Why the French are fascinated with America’s Wild West
What happens when a French Western features Jean-Pierre Léaud, the darling of the New Wave, acting like a complete stooge? You get Luc Moullet’s ‘A Girl is A Gun’ – a wild tale of two bandits stumbling through the Southwest desert to reach refuge in Mexico. All we know is that Léaud, playing the character of Billy the Kid, stole several purses of golden coins and has the authorities hot on his chase. He stumbles into Kate, a wily trickster femme played by Rachel Kesterber, and fearfully decides to kidnap her. Their chase together is perilous, exhausting, sinister, and deeply foolish.

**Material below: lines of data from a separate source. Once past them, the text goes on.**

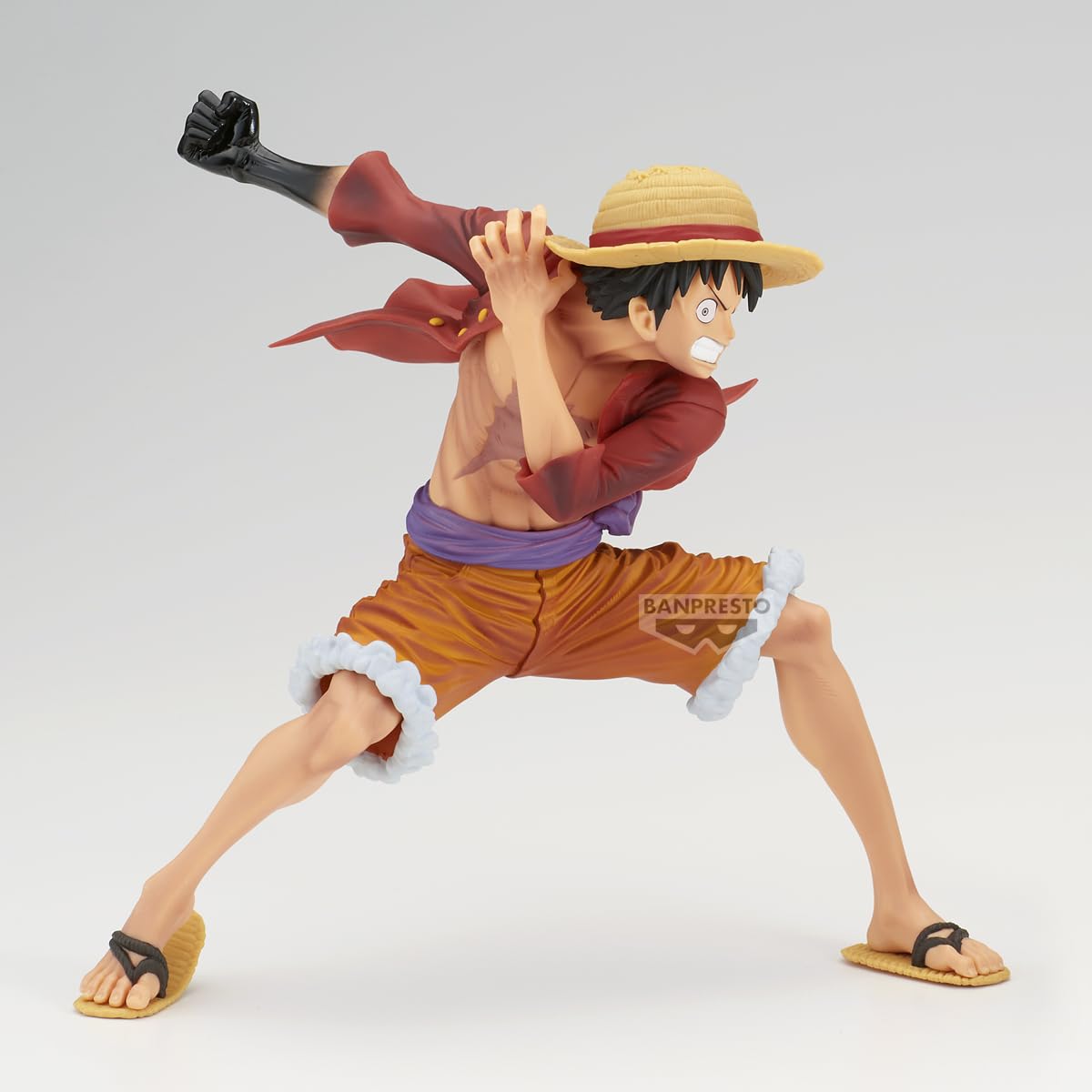 Banpresto One Piece Maximatic Monkey D Luffy I Special Action Figure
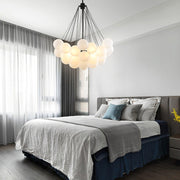 Bubble Chandelier-DWHOME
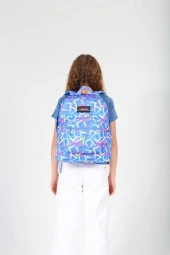 Kaukko Spring Sırt Çantası Blue PS K1665 thumbnail 2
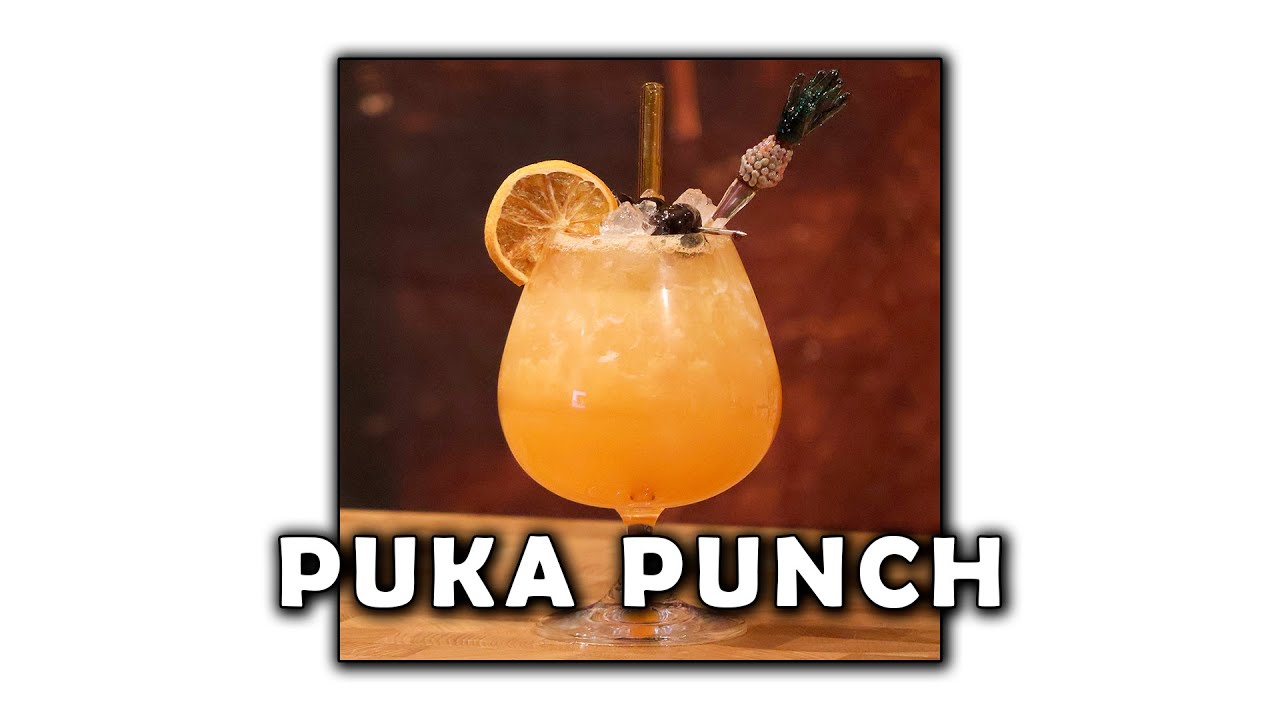 PUKA PUNCH | Miksologia.fi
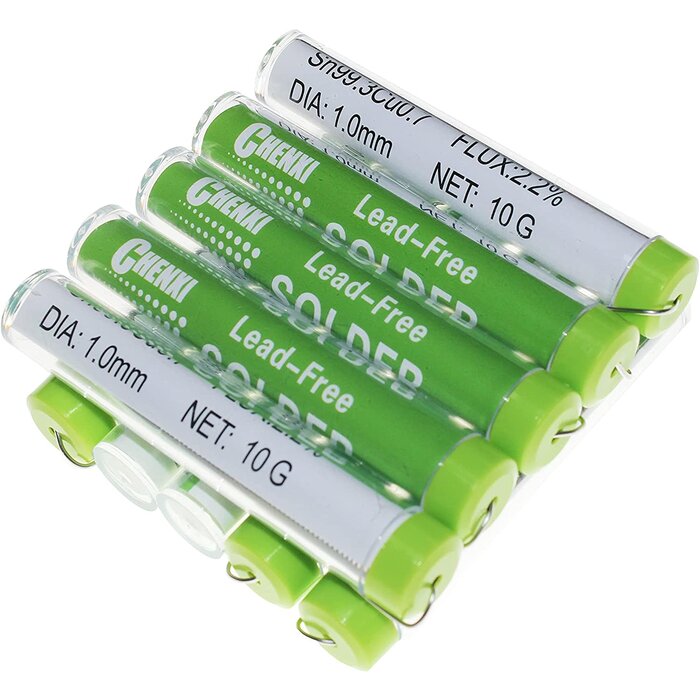 Lead Free Rosin Core Solder Wire Sn99.3 Cu0.7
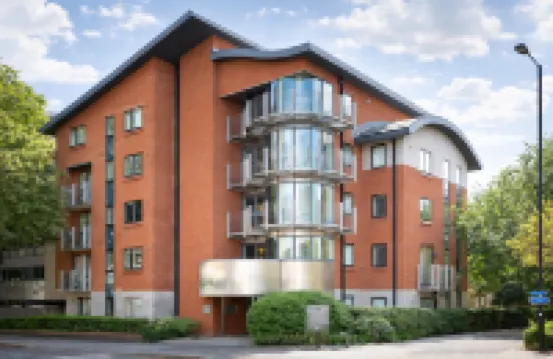 Roomspace Apartments -The Courtyard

Billy runs into a tree. Billy falls into a hole. Billy is a goon. In an epically dramatic moment, Billy cries out that he wants to be left alone to die in the desert. Kate begins to tease him, slowly undressing herself and scurrying away. Billy’s sudden virility gives him a spurt of life, as he prances and dances and chases after his prize. Their ultimate embrace is visually represented through images of crawling cockroaches, and the surreality of intimacy in the scorched desert comes full circle. This, friends, is Goon-Wave.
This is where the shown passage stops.